M6, chaîne cousine de votre société via RTL Group, est aussi votre principal client en France. N'avez-vous pas pour objectif de diversifier votre portefeuille de clients ?
Nos relations avec M6 sont excellentes et marquées par une grande confiance et de très beaux succès. Maintenant comme toute société, il est en effet important et sain de diversifier ses clients, tant pour des raisons économiques que créatives. Nous sommes en train de le faire en produisant pour Netflix mais aussi pour le groupe TF1, avec lequel nous venons de signer pour l'adaptation de "21 Again" sur TFX. J'ajoute que via notre agence de presse, TV Presse, Fremantle travaille avec toutes les chaînes du PAF, d'Arte à RMC Découverte, pour lesquelles nous produisons des documentaires et des reportages.
A quand un grand prime de divertissement produit par Fremantle sur la chaîne TF1 ? N'est-ce pas la marche à franchir pour vous ?
Nous n'y sommes évidemment pas opposés, et eux non plus d'ailleurs ! Aujourd'hui, les acteurs du PAF sont pragmatiques. S'il y a une bonne émission, bien produite, tout le monde va la vouloir.
"'Questions pour un champion' est une pépite"
Voulez-vous produire davantage de fictions ?
On en produit déjà via deux sociétés. Kwaï, qui produit notamment "Baron noir" pour Canal+ dont la saison 3 arrivera bientôt, ou "La dernière vague", une fiction diffusée actuellement sur France 2. Nous possédons aussi la boîte de prod Fontaram, qui sera notamment derrière "Maddy Etcheban", un unitaire de 90 minutes avec Lorie Pester et Gary Guénaire attendu sur France 3 prochainement.
La fiction n'est-elle pas un créneau trop embouteillé actuellement ?
C'est le genre qui croît le plus depuis quatre à cinq ans. Il faut y aller, c'est une évidence.
"Questions pour un champion" a survécu à la volonté de France Télévisions, la saison dernière, de supprimer un jeu de ses antennes. Etes-vous satisfait des performances de l'émission ?

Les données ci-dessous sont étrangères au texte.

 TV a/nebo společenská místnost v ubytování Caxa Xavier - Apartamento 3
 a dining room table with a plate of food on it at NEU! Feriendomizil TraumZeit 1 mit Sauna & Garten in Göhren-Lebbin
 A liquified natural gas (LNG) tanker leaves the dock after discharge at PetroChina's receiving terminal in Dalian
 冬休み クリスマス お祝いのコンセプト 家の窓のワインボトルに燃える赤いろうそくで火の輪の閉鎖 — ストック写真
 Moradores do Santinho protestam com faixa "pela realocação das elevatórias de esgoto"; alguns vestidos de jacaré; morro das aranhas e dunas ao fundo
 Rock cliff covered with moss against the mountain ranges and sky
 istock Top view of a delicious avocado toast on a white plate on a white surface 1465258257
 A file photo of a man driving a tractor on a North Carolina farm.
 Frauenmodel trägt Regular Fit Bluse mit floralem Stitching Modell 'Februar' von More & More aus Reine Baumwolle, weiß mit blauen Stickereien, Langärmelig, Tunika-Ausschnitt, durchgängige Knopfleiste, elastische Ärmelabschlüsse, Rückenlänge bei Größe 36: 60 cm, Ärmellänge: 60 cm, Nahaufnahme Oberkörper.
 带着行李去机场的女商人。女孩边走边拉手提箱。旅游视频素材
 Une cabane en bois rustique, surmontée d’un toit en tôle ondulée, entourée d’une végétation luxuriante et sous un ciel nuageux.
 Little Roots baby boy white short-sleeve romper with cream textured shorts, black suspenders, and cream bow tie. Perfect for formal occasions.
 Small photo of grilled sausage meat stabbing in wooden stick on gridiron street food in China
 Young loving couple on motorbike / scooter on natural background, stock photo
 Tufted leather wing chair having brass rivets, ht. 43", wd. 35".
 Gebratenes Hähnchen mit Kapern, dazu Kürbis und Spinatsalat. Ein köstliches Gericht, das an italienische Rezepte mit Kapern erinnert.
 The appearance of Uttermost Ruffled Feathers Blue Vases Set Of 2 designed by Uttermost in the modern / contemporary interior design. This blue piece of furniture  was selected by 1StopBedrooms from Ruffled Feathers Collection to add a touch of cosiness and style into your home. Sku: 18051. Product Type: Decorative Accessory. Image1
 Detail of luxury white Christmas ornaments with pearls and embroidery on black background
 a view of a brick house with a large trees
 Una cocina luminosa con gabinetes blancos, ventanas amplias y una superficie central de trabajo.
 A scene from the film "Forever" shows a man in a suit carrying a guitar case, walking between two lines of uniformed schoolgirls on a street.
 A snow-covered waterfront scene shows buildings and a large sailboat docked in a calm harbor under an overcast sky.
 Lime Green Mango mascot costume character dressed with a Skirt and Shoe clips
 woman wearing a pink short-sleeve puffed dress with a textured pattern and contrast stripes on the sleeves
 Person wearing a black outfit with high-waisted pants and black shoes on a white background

Plus que ça ! Nous avons fait un été record depuis 2016 (année d'arrivée de la nouvelle formule du jeu et de Samuel Etienne, ndlr). Nous grimpons d'année en année. "Questions pour un champion" est un jeu patrimonial, avec une grande exigence dans le niveau des questions et des candidats. Mettre autant en avant la culture générale et la connaissance à la télévision est rare. Ce jeu est une pépite ! Il est d'utilité publique et en plein accord avec l'ADN du service public. En plus, ça marche et ce n'est pas cher pour le diffuseur. Il coche donc toutes les cases.